Mourning in Italian Poetry from the Medieval to the Modern Christ Church, Oxford, 4 March 2017

By Rebecca Bowen and Nicolò Crisafi

The conference Mourning in Italian Poetry from the Medieval to the Modern was organised and led by Adele Bardazzi, Jennifer Rushworth, and Emanuela Tandello with the support of Christ Church and St John’s College, the Faculty of Medieval and Modern Languages at Oxford, the Society of Italian Studies, and in association with Oxford Medieval Studies sponsored by The Oxford Research Centre in the Humanities.

The conference happened to coincide with the recent publication of Rushworth’s Discourses of Mourning in Dante, Petrarch and Proust which truly rests on the Medieval and the Modern. In practice, the conference pivoted on the two centuries from Giacomo Leopardi to the living poets Antonella Anedda and Jamie McKendrick, who crowned the event with a bilingual reading of each other’s work and its translation. The Middle Ages were nonetheless an intertextual presence, brought out in the Q&A sessions when not in the papers.

The event was designed to encourage this: speakers and participants sat together around the table in the Kidd Room at Christ Church; a selection of secondary literature was circulated in advance, and a small booklet of poems referenced was handed out on the day to ensure that everyone could be on the same page. These careful details were successful in making the conference also a conversation.

Seven convenors and one respondent took turns over three sessions and one roundtable. The Oxford-based majority was made up of Adele Bardazzi, Marzia D’Amico, Vilma De Gasperin, Eleanor Parker, Francesca Southerden, and Emanuela Tandello; Fabio Camilletti joined them from Warwick, Francesco Giusti from ICI Berlin and Manuele Gragnolati from Paris Sorbonne.

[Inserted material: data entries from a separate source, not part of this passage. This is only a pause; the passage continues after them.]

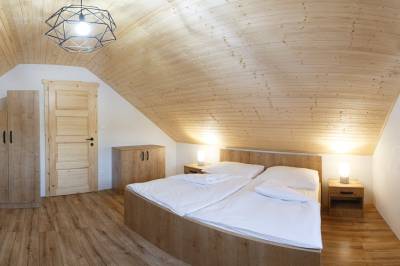 Chata Topovne 2 – spálňa s manželskou posteľou, Chaty Topovne, Belá nad Cirochou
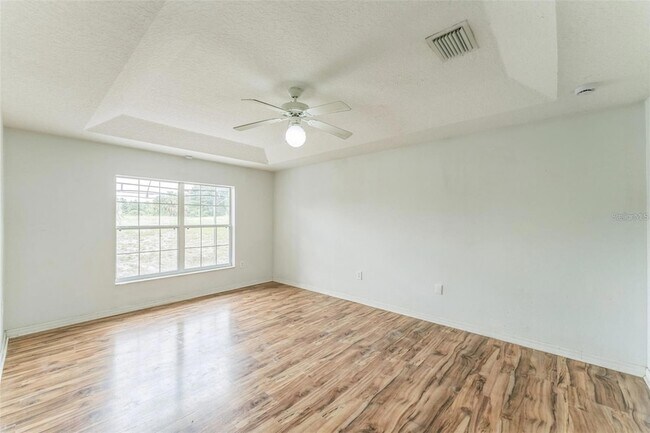 Building Photo - 205 Golf Aire Blvd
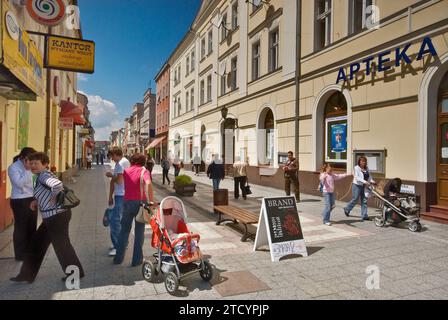 Zone piétonne près de Rynek (place du marché) à Rawicz dans la région de Wielkopolska, Pologne Banque D'Images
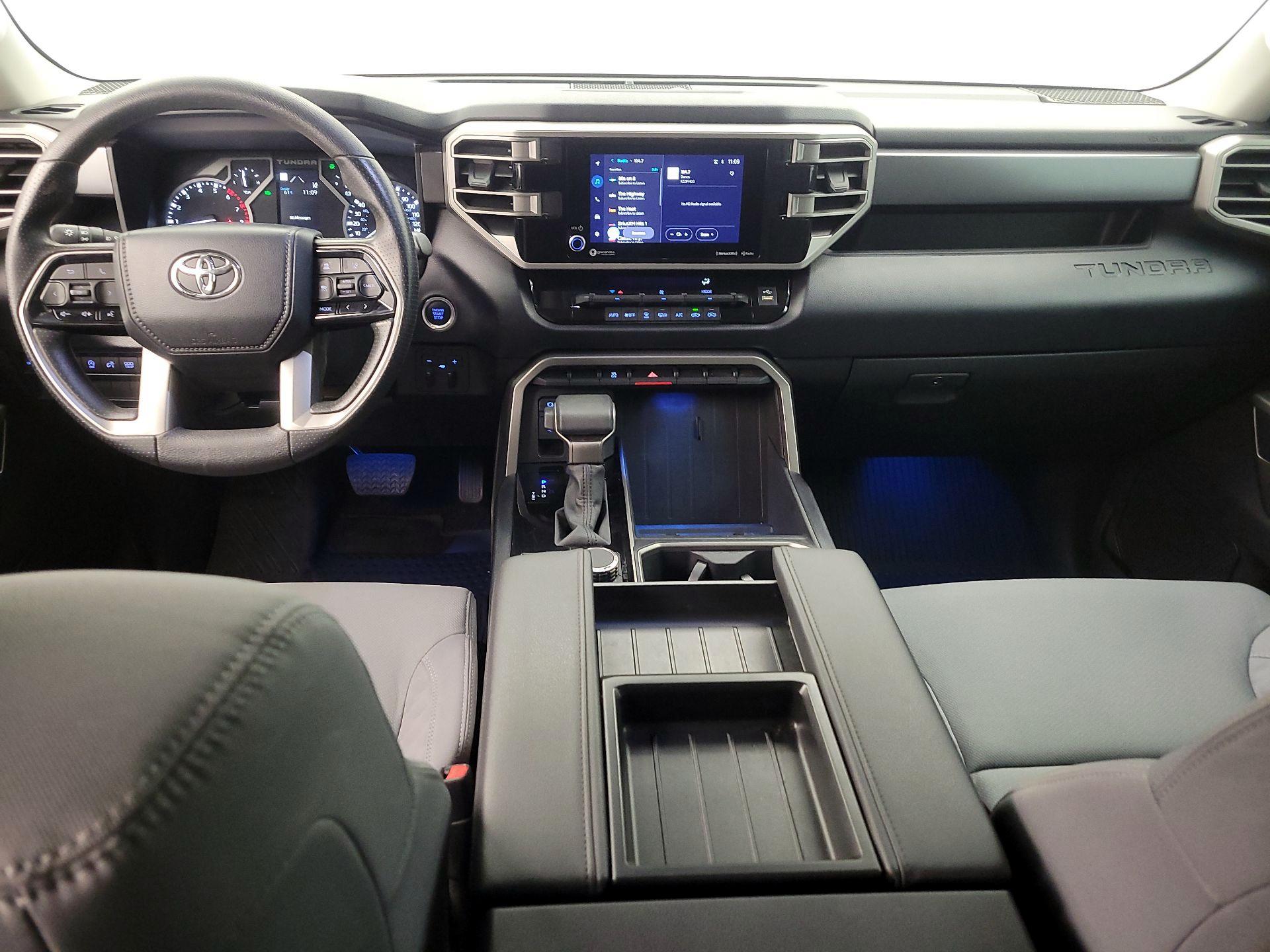 Thumbnail: 2024 Toyota Tundra - 9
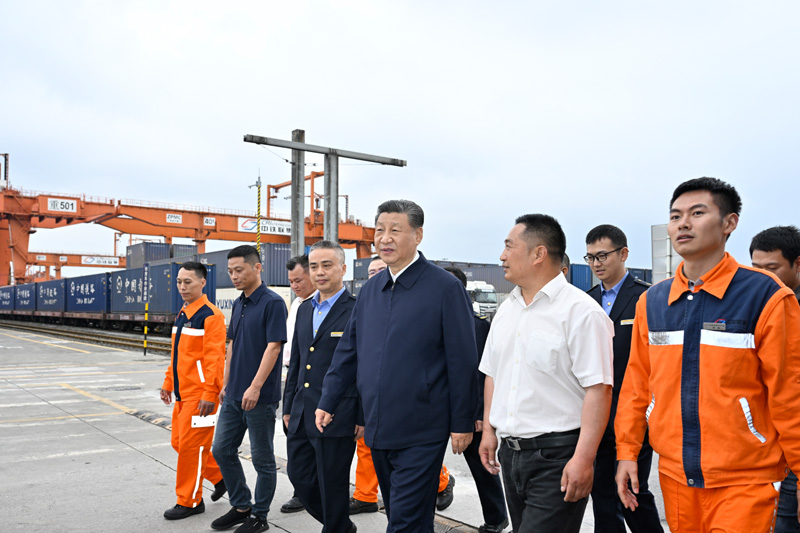 习近平在重庆考察时强调 进一步全面深化改革开放 不断谱写中国式现代化重庆篇章 习近平在重庆考察时强调 进一步全面深化改革开放 不断谱写中国式现代化重庆篇章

The picture of the experience and theme of mourning that these papers painted was complex and paradoxical. Loss, grief and mourning exceed expression. When they are expressed they face the struggle to ring true. When they manage to ring true, they struggle to be conclusive. And indeed definitive conclusions were not sought on a subject where conclusion is rather the question.

Fittingly, then, the papers moved between two poles: presence and absence, sound and silence, public and private. Papers navigated these tensions by showing how literature bears witness to the universal experience of loss and the fact that such experience is only given to us in a personal form (De Gasperin). For poets, ‘time’ is truly, as Ezra Pound wrote, ‘the evil, beloved’, and memory is alternatingly the enemy and the solution (Gragnolati). In their writing, poets look to the literary past for help, seeking it in the topos of the prematurely dead (Camilletti), in the tradition of elegy (Bardazzi), in the figures of myth (Parker); or they try to find respite from those very myths and conventions (D’Amico). The mourner, like the writer, is caught between the compulsion to look back and the necessity (narrative, existential, aesthetic?) to move forward; it is small wonder that mourning tests linear development with intermittences, closure with open-endedness, and time-specificity with timelessness (Giusti).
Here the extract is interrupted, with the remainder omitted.